Dataset entries =
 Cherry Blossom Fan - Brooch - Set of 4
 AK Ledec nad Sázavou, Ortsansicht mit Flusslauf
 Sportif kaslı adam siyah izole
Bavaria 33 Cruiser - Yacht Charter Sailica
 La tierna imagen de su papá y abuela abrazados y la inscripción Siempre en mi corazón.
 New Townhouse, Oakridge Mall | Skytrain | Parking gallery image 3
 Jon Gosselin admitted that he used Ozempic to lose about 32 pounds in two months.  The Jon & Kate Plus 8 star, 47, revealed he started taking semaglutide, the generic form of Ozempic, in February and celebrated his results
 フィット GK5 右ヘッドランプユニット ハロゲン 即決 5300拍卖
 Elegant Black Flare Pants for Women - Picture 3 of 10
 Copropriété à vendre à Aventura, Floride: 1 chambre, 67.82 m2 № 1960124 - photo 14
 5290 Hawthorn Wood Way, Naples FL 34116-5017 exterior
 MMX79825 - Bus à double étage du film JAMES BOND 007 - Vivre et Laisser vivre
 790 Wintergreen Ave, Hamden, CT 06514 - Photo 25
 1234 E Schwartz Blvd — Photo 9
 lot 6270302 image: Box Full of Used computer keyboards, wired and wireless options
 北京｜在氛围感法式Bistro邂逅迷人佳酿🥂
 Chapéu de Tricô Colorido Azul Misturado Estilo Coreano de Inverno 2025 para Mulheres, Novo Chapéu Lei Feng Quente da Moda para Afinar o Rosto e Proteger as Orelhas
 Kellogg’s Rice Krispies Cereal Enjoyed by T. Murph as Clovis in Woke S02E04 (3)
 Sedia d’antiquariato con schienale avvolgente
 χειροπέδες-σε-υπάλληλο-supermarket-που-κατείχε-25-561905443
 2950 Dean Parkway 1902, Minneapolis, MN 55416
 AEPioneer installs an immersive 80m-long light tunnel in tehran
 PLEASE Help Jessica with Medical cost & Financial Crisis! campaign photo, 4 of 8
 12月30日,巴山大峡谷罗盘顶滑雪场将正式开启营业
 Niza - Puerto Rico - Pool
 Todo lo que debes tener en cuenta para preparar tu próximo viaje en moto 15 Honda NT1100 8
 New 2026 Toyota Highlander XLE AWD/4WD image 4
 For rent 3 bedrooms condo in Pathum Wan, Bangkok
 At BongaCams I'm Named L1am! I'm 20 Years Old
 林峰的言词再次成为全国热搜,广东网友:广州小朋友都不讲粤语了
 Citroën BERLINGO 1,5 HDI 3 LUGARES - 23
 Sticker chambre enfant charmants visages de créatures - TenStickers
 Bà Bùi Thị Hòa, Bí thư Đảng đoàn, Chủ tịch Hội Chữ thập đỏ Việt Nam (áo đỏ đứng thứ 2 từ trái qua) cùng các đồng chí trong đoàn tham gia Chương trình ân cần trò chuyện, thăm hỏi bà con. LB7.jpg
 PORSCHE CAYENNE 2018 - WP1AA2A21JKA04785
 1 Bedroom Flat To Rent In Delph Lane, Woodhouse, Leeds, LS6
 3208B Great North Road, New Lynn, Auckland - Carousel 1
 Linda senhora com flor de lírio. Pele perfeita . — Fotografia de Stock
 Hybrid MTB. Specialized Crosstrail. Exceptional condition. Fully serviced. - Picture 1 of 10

Task to complete = Only one span of lines is wanted: the line with "2950 Dean Parkway" and every line after it to the end of the entries, output exactly.

Response =
 2950 Dean Parkway 1902, Minneapolis, MN 55416
 AEPioneer installs an immersive 80m-long light tunnel in tehran
 PLEASE Help Jessica with Medical cost & Financial Crisis! campaign photo, 4 of 8
 12月30日,巴山大峡谷罗盘顶滑雪场将正式开启营业
 Niza - Puerto Rico - Pool
 Todo lo que debes tener en cuenta para preparar tu próximo viaje en moto 15 Honda NT1100 8
 New 2026 Toyota Highlander XLE AWD/4WD image 4
 For rent 3 bedrooms condo in Pathum Wan, Bangkok
 At BongaCams I'm Named L1am! I'm 20 Years Old
 林峰的言词再次成为全国热搜,广东网友:广州小朋友都不讲粤语了
 Citroën BERLINGO 1,5 HDI 3 LUGARES - 23
 Sticker chambre enfant charmants visages de créatures - TenStickers
 Bà Bùi Thị Hòa, Bí thư Đảng đoàn, Chủ tịch Hội Chữ thập đỏ Việt Nam (áo đỏ đứng thứ 2 từ trái qua) cùng các đồng chí trong đoàn tham gia Chương trình ân cần trò chuyện, thăm hỏi bà con. LB7.jpg
 PORSCHE CAYENNE 2018 - WP1AA2A21JKA04785
 1 Bedroom Flat To Rent In Delph Lane, Woodhouse, Leeds, LS6
 3208B Great North Road, New Lynn, Auckland - Carousel 1
 Linda senhora com flor de lírio. Pele perfeita . — Fotografia de Stock
 Hybrid MTB. Specialized Crosstrail. Exceptional condition. Fully serviced. - Picture 1 of 10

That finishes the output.